The use of AI in healthcare dramatically alters the doctor-patient relationship as we currently know it and brings into question patient data usage concerns from both a legal and ethical perspective. AI computational systems learn from analysing and comparing huge datasets in order to independently improve their performance. Such analysis is used to undertake tasks in early identification of medical conditions, detection of risk factors, and suggestions for medical treatments for specific cases — creating huge potential for much more precise, personalised, and preventative medicine than we see today. This phenomenon is already transpiring in current AI analysis of specific individual habits such as finger taps on mobile phones, where AI is used in order to detect early signs of Parkinson’s from subtle changes in behaviour, such as decreased texting speed.
Such examples highlight the extensive and revealing nature of the data collection required for AI software to function. With public discomfort already mounting at the idea of such intimate patient health data being sold by governments or private companies for profit, updates in the law surrounding health data protection are imperative for building and maintaining public trust in these systems. Adaptations to current law are crucial for preventing innovation within this field to come at the cost of patient privacy.
In 2017, the UK Information Commissioner’s Office (ICO) ruled that the Royal Free NHS Foundation Trust was in breach of UK Data Protection Act 1998 when it provided 1.6 million patients’ personal data to Google DeepMind during clinical safety testing for an app designed for early diagnosis and detection of acute kidney injuries. This is just one example of where the UK has already fallen into this data protection pitfall. This stands as yet another reminder of the need for pre-emptive legal and ethical legislation in response to fast-developing healthcare software.
Strengthened requirements for the consent and collection of personal data through the 2018 European General Data Protection Regulation (GDPR) have taken steps in the right direction to address data protection issues.
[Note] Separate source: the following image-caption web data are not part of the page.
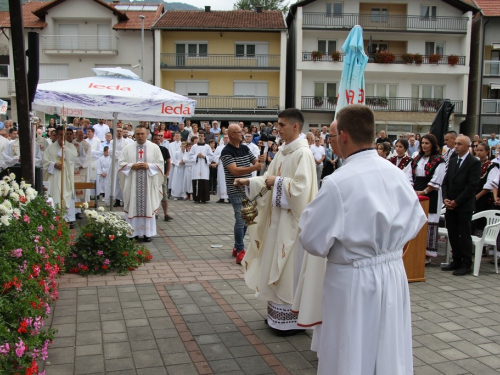 FOTO: Mlada misa vlč. Josipa Papka u župi Prozor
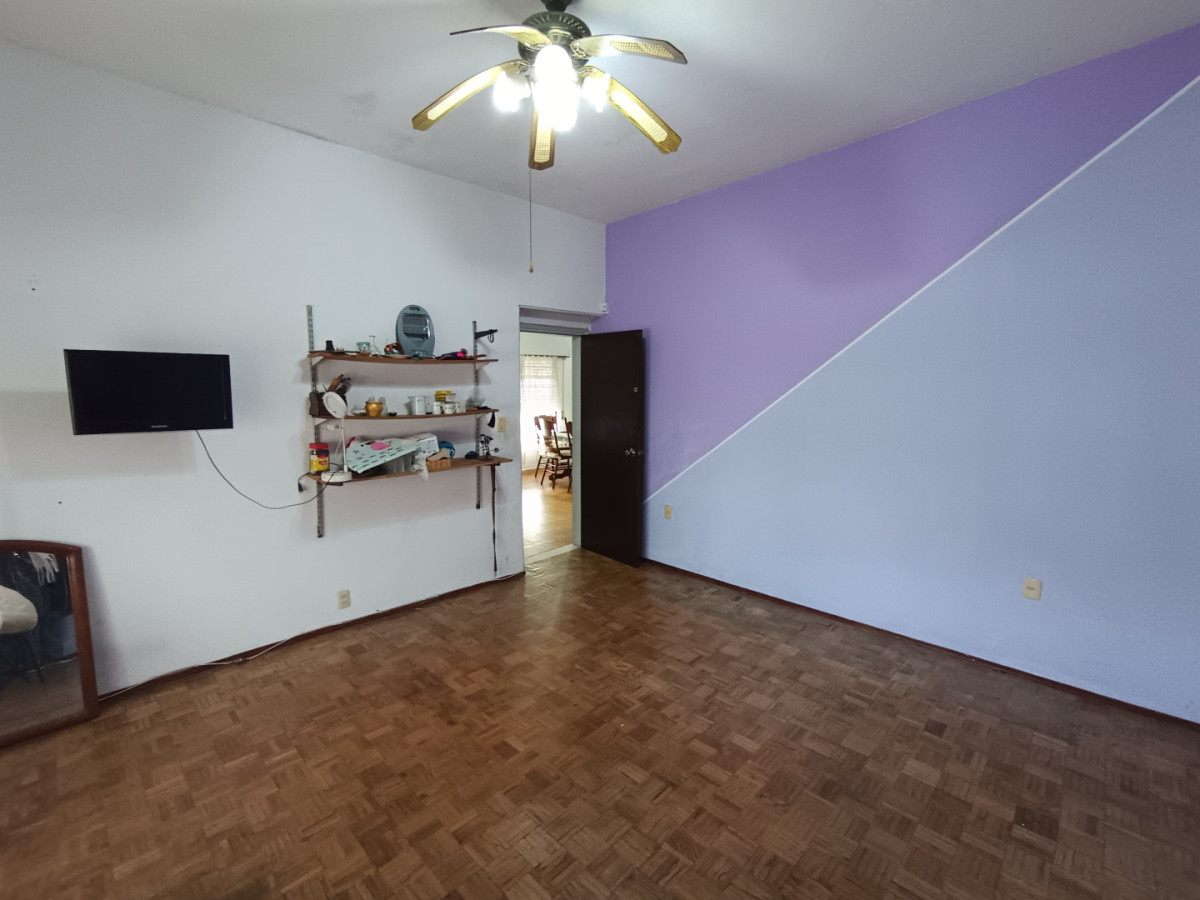 Casa ID.13104 - Venta Casa 3 Dormitorios Con Gran Terreno de 904 M2 Barbacoa Y Cochera Para 6 Autos En Belvedere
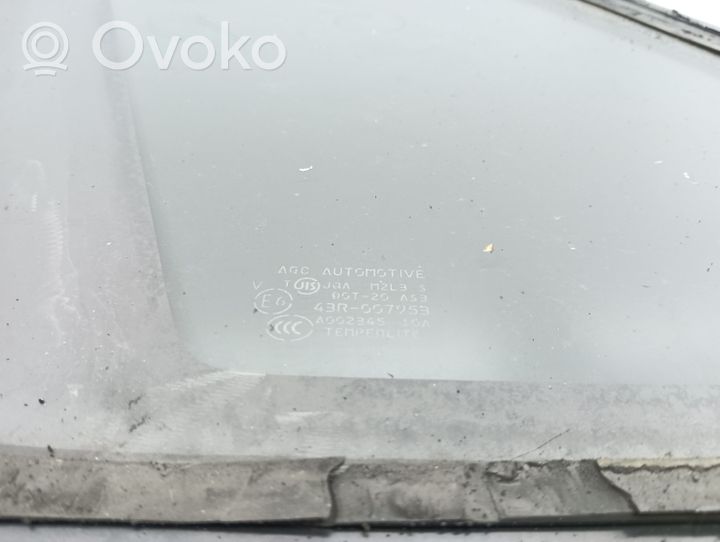 Suzuki Grand Vitara II Takasivuikkuna/-lasi E643R007953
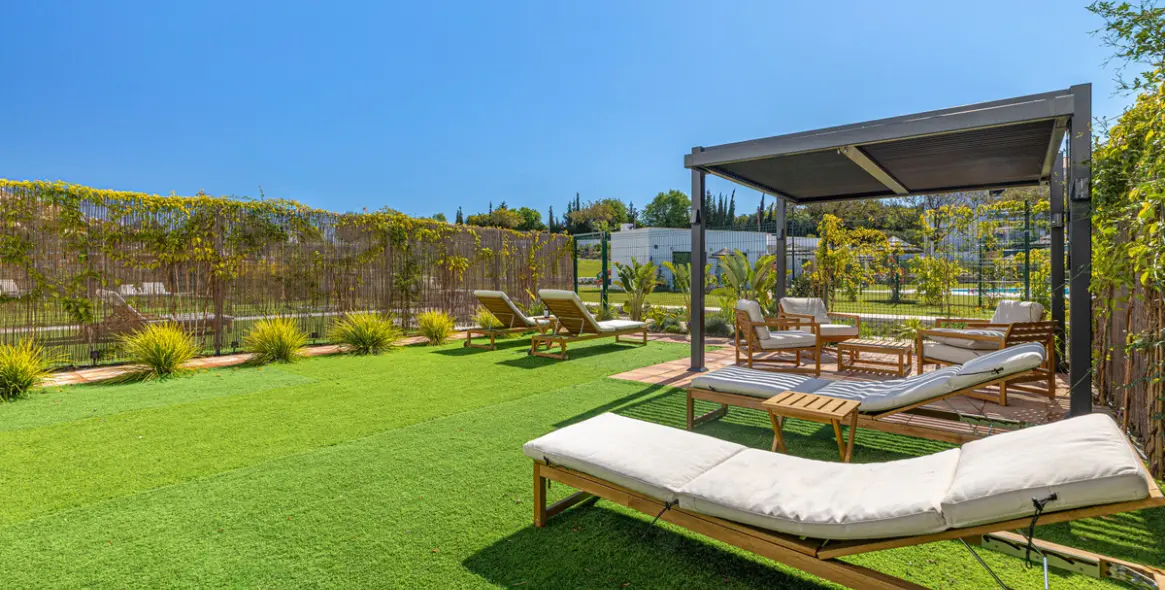 Продажа апартаментов на первом этаже в Estepona 14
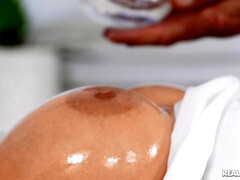 Gros seins, Noire, Fétiche, Fille latino, Massage, Huilée, Chatte, Nénés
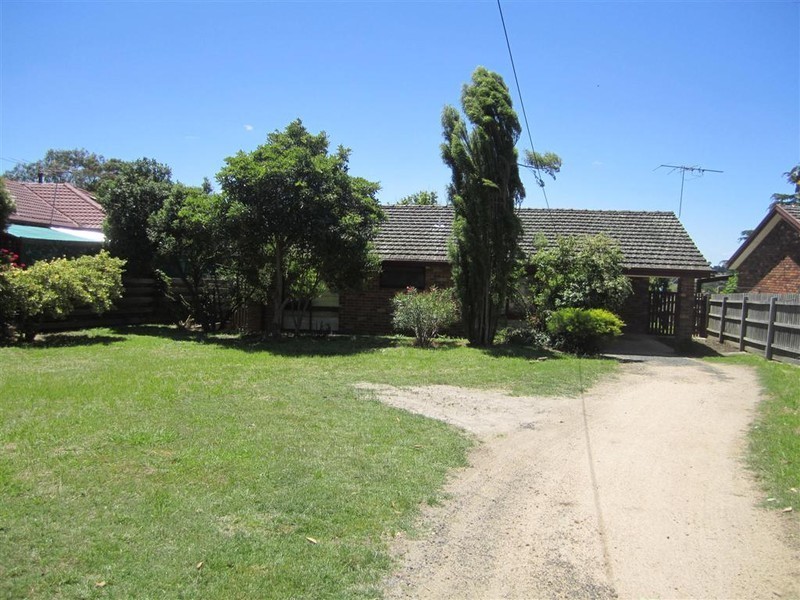 107  HARKER STREET, Sunbury VIC 3429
However, these advances are a lot broader in scope than the current US data protection laws, which enable technology giants such as Amazon, Facebook, Google, and Apple to collect and invest health information in healthcare AI. This remains a gap in US Federal law covering health data privacy as these companies fall outside of the "covered entities", such as insurance companies or healthcare providers, subject to the Health Insurance Portability and Accountability Act (HIPAA) Privacy Rule. Once again this highlights the desperate need for a revamp in healthcare-specific legal armour, both in relation to data usage and anti-discrimination laws, in order to protect patients from health data leaks which would be detrimental to insurance premiums or job opportunities.
On multiple levels, the law is lagging behind the pace of AI developments in healthcare on a global scale. While such technology has huge potential for improving health outcomes for the masses, it also comes with newfound risks and questions which the law must, and is currently failing, to address. Creative solutions and innovative legal thinking are desperately required to address the burning questions surrounding the use of algorithms in healthcare, and its implications for both patients and practitioners. Crucially, such developments ultimately shape the incentives, disincentives, and progress of the future Doctor AI.